Required work
Somewhere below is a line with "Abbie Gold Drop" and, later, a line with "Cross Body Bag"; repeat those two lines and all the lines between them, exactly as they are.

Records provided
--- START ---
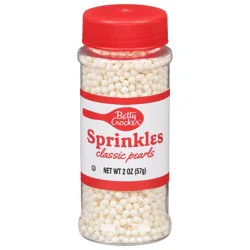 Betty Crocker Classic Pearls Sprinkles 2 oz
--- END ---
--- START ---
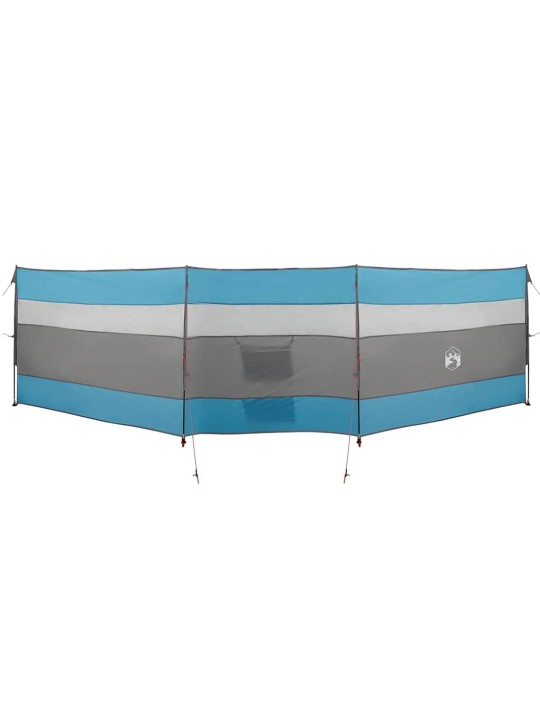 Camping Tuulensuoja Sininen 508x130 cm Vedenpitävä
--- END ---
--- START ---
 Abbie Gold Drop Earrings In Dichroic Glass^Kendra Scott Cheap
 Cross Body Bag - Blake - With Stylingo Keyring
--- END ---
Answer area
 Abbie Gold Drop Earrings In Dichroic Glass^Kendra Scott Cheap
 Cross Body Bag - Blake - With Stylingo Keyring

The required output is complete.